# Lesson 01 - Intro, Supervised Learning, and Notation


## Objectives
- Set up CS229 notation and the supervised learning workflow.
- Connect data, hypothesis space, and loss minimization.
- Build a tiny linear model from scratch to establish the pattern used later.


## From the notes

**Notation (CS229)**
- $m$ = number of training examples, $n$ = number of features.
- $x^{(i)} \in \mathbb{R}^{n+1}$ with $x_0^{(i)} = 1$, $y^{(i)}$ target.
- Hypothesis: $h_\theta(x) = \theta^T x$.
- Cost: $J(\theta) = \frac{1}{2m} \sum_{i=1}^m (h_\theta(x^{(i)}) - y^{(i)})^2$.

**Learning loop**
1. Choose hypothesis class $\mathcal{H}$.
2. Define objective $J(\theta)$.
3. Optimize to obtain $\theta^*$.

_TODO: Validate these definitions against the official CS229 main notes PDF once available._


## Intuition
Supervised learning is about turning labeled examples into a function that generalizes. We keep the notation simple so every later algorithm reuses the same symbols and workflow.


## Data
We start with a synthetic 1D dataset so the geometry of a line fit is easy to see.


In [None]:
import numpy as np
import matplotlib.pyplot as plt

np.random.seed(42)

# Synthetic data
m = 60
x = np.linspace(0, 10, m)
y = 2.5 * x + 3.0 + np.random.normal(scale=2.0, size=m)
X = np.c_[np.ones(m), x]

# Closed-form solution
theta = np.linalg.pinv(X.T @ X) @ X.T @ y
preds = X @ theta

theta


## Experiments


In [None]:
# Compare mean squared error with a random guess
mse_model = np.mean((preds - y) ** 2)
mse_baseline = np.mean((y.mean() - y) ** 2)
mse_model, mse_baseline


## Visualizations


In [None]:
plt.figure(figsize=(6,4))
plt.scatter(x, y, alpha=0.7, label="data")
plt.plot(x, preds, color="black", label="linear fit")
plt.title("Synthetic regression data")
plt.xlabel("x")
plt.ylabel("y")
plt.legend()
plt.show()

plt.figure(figsize=(6,4))
plt.hist(y - preds, bins=15, alpha=0.7, color="tab:orange")
plt.title("Residual histogram")
plt.xlabel("error")
plt.ylabel("count")
plt.show()


## Takeaways
- The CS229 notation (m, n, x^(i), y^(i), θ) is reused in every later lesson.
- Even a simple linear model demonstrates the full ML workflow: choose hθ, define J(θ), optimize.
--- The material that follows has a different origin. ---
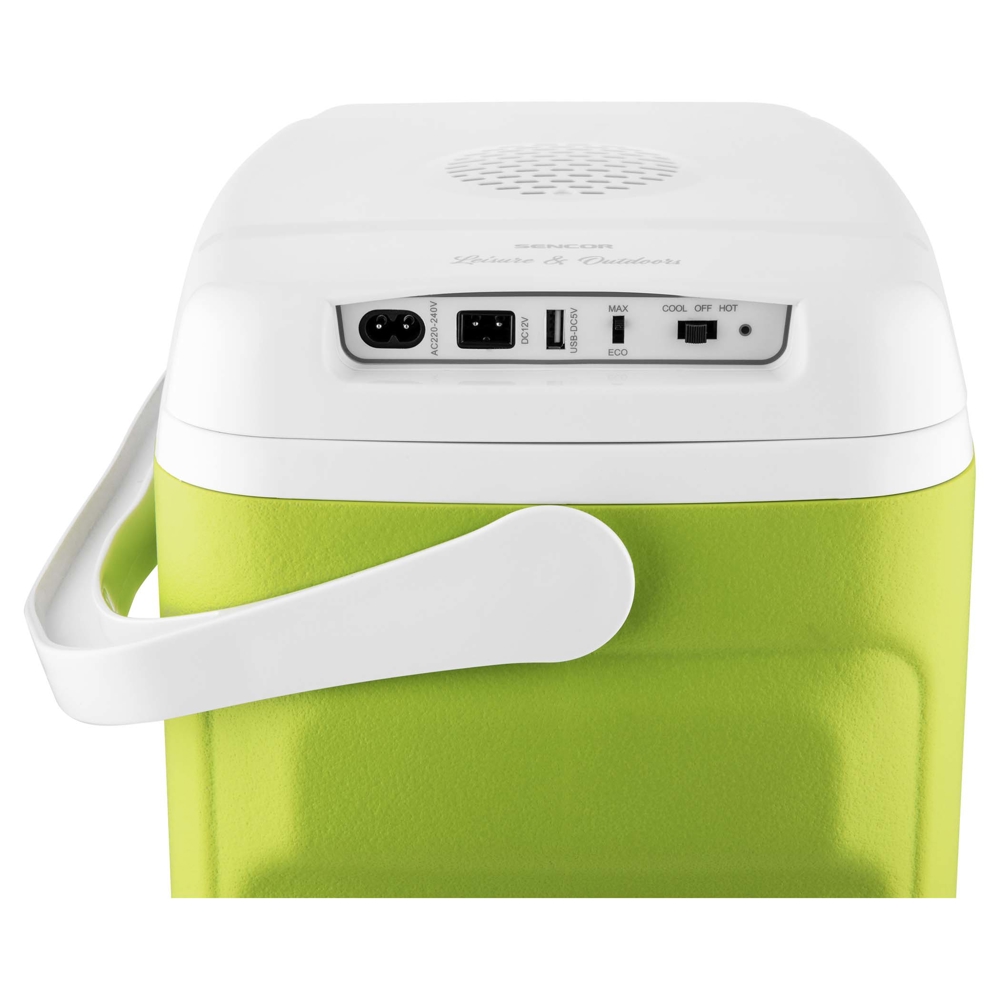 Travel Cooler Sencor SCM 2130, 29L, F, Green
## Explain it in an interview
- Describe supervised learning as fitting hθ that minimizes a loss over labeled examples.
- Explain the role of the bias term x0 = 1 in linear models.


## Exercises
- Show how the normal equation changes if you add L2 regularization.
- Why is the bias term included as x0 = 1?
- Create a dataset where linear regression underfits.